The Imitation Game

Alan Turingの映画、The Imitation Gameを観てきた。予告編はこちら。

http://theimitationgamemovie.com/

SEPのTuringの記事。哲学的面を中心に書かれているので、映画とは若干ポイントがずれているが、気になる人はWikipediaでも参照してほしい。

http://plato.stanford.edu/entries/turing/

チューリング・マシンやチューリングテストでその名を聞いた人も多いだろう。Benedict Cumberbatchの名演が光る良い作品だった。

弟から映画のチケットをもらったので、行ってきた。もともと観たい作品だったのでラッキーである。

たまには英語だけで理解しようと思って、あまり字幕に頼らずに楽しんだのだが、字幕では元セリフの言い回しの妙や、独特のチューリングのどもりなど、いい演技がそぎ落とされてしまう。使われている言葉もそれほど難しくないので、是非とも英語に集中してみてほしい。
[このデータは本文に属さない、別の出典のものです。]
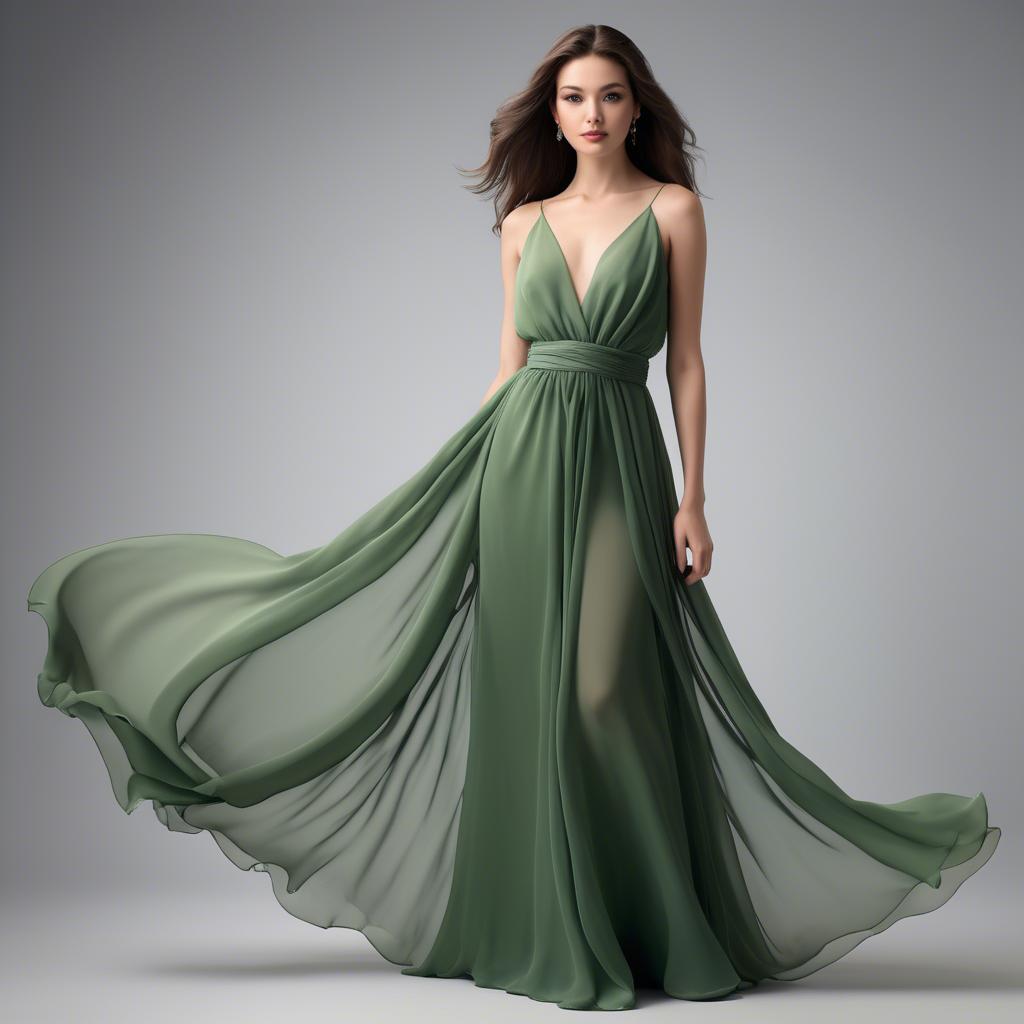 A stunning image of graceful model in a flowing green chiffon gown.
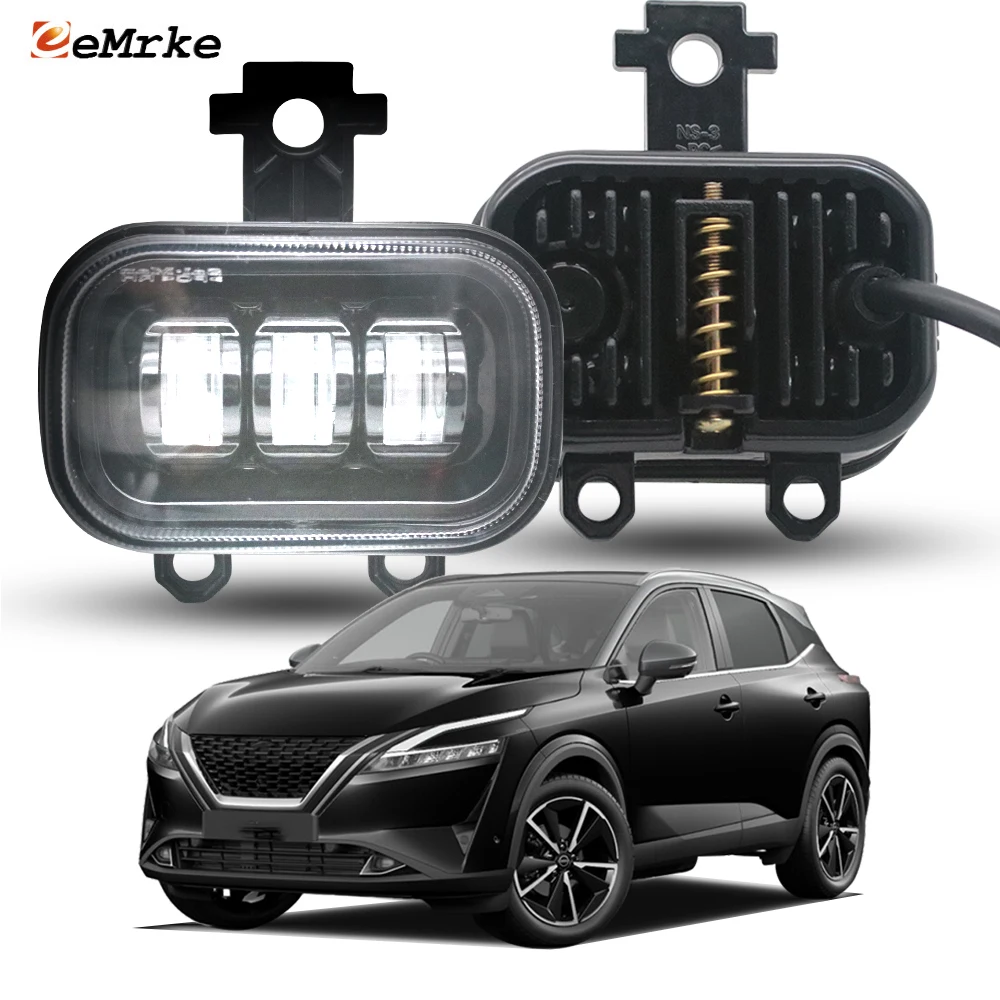 

5-минутная замена светодиодных PTF DRL и прозрачных линз противотуманных фар для Nissan Qashqai J12/Qashqai e-POWER 2022 2023 Автомобильные противотуманные фары дальнего света 40 Вт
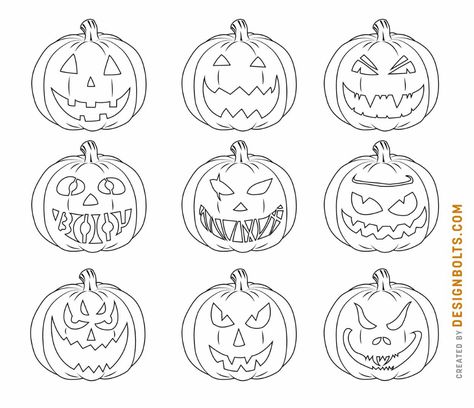 Simple Jack O Lantern Tattoo, Small Pumpkin Tattoo Outline, Simple Pumpkin Drawing, Pumpkin Draw, Aesthetic Pumpkin Carving, Drawings For Coloring, Pumpkin Carving Idea, Flower Draw, Scary Paintings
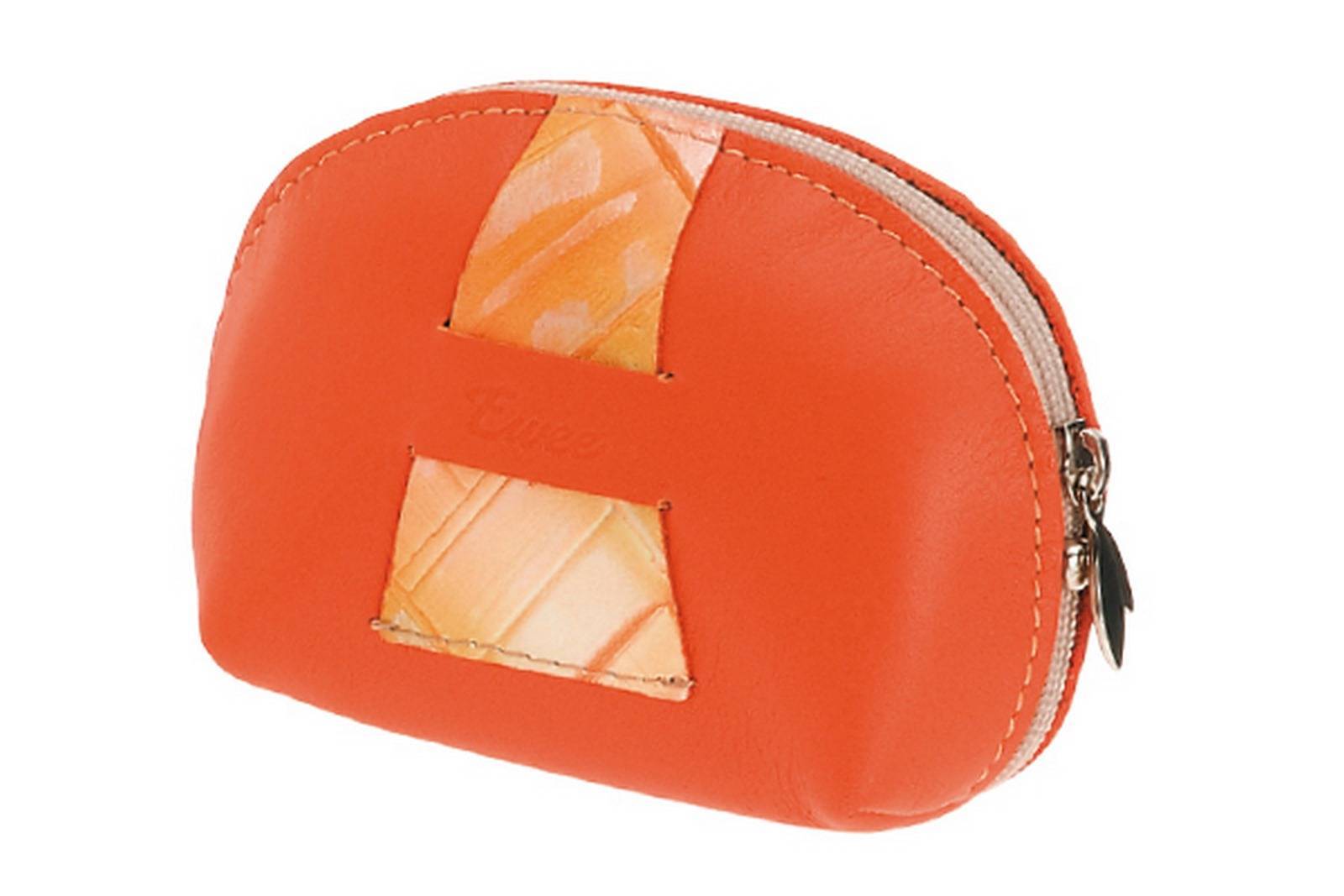 Monedero de piel con cremallera en color naranja Cuadros - 11 cm - EWEE 1817/1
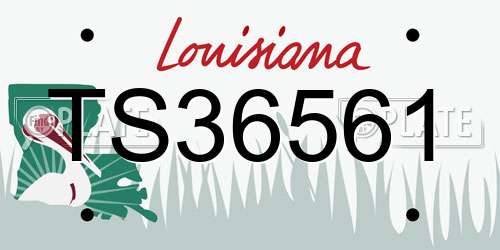TS36561 Louisiana License Plate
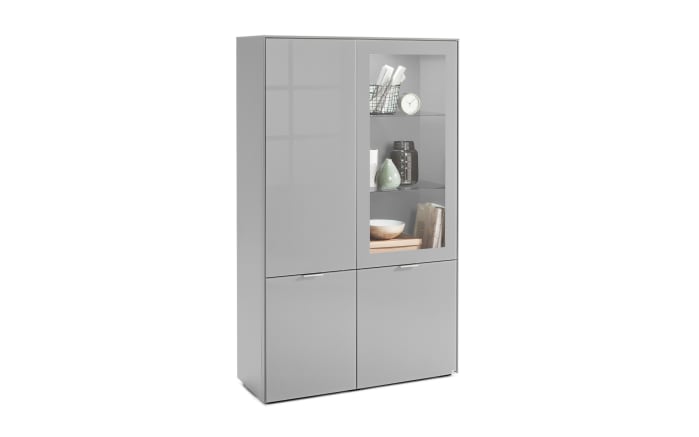 Vitrine Chicago, grau, inkl. Softclose Funktion-01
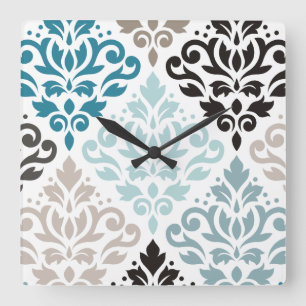 Scroll Damask XLg Pattern Art Teals Browns White Square Wall Clock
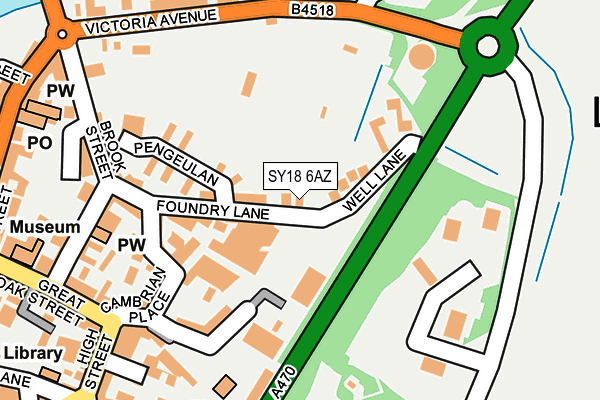 SY18 6AZ map - OS OpenMap – Local (Ordnance Survey)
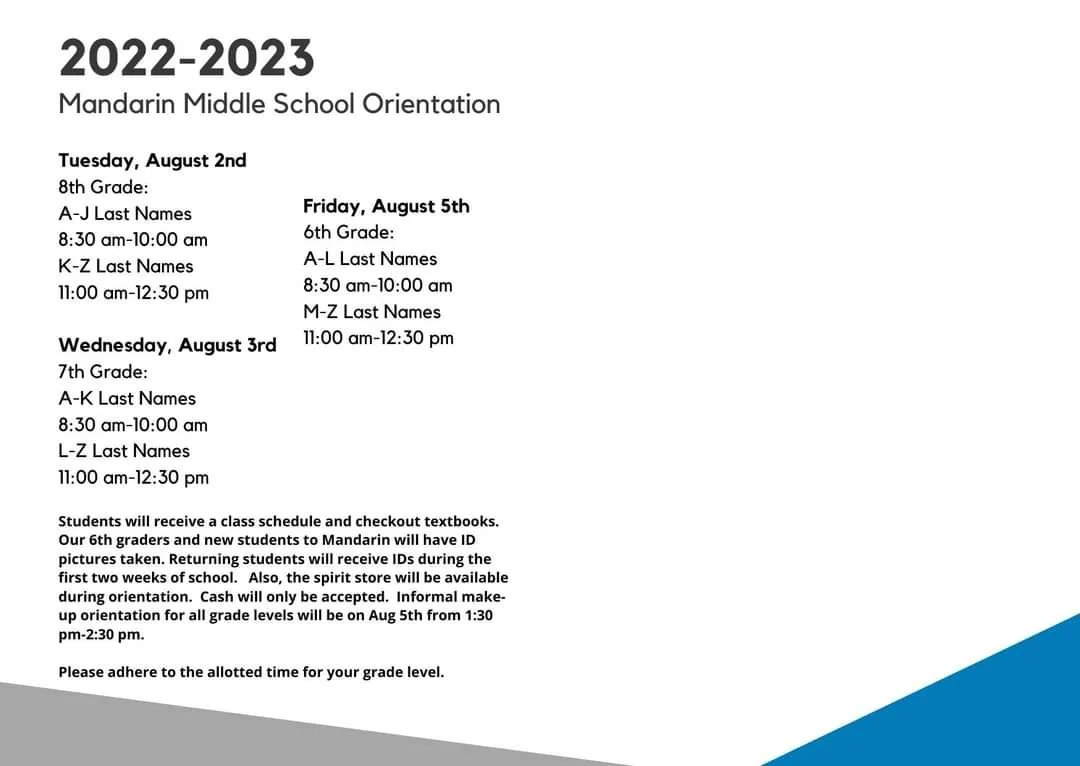 Orientation is fast approaching.  Please mark you calendar for the appropriate date and time.

#WeAreMandarin #TeamDuval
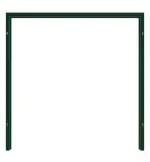 Frontansicht in RAL 6005 von Stahl-Umfassungszarge für Ständerwerk 2-flg. - Hörmann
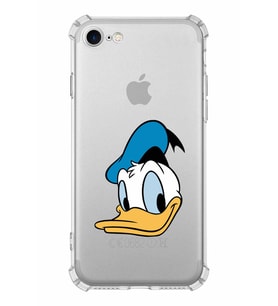 Apple iPhone 8 Uyumlu Köşe Korumalı Antişok  Kapak Donald Duck Tasarımlı Şeffaf  Kılıf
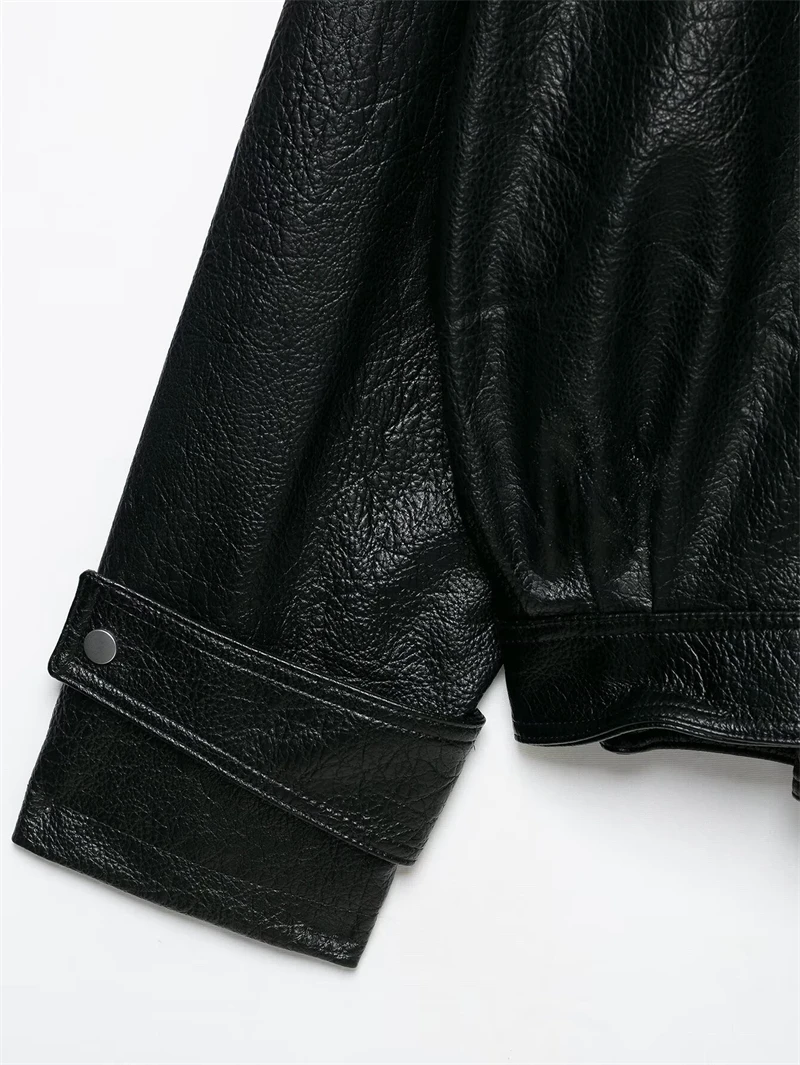 Guobioziy Women's Slim-Fit Pleated Faux Leather Jacket 2026 Spring-Autumn New European Casual Fashion Trend Motorcycle Street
以下多少のネタバレ。といっても、事実に基づく作品なので、一度でも彼の生涯について学んだことがあればわかってしまうことなのだが。

物語は1952年のチューリング邸に空き巣が入ったという報告から始まる。そして1952年の拘置所での独白から、物語は過去へとワープする。

個人的にぐっときたのは、チューリングの設計した「クリストファー」をコマンダー(字幕では中佐だったかな?)が止めろと命令したシーン、チューリングをクビにされそうになった時に、同僚が「それなら自分もクビに」といったシーンだろうか。あまり分析が固まっていないので、いい文章が書けないが、印象的なシーンだった。天才は無理解ゆえに周囲の人間からは理解されにくい。しかし、何かプロジェクトを成し遂げる上では、必ず他者の協力と折衝が必要となる。チューリングがもう少し遅く生まれていたら、あの様な悲惨な最期をとげる必要はなかっただろう。

民衆は偉大な才能を待ち望む、しかし、ひとたびその才能を持つものが現れると、人々は依存し、果ては崇拝の対象にした上で、引き摺り下ろそうとする。これほどまでに才覚というものは、浪費されうるのか。だが、大英帝国は間違いなく彼らを使いこなした。その最後が、人間的かどうかは別として。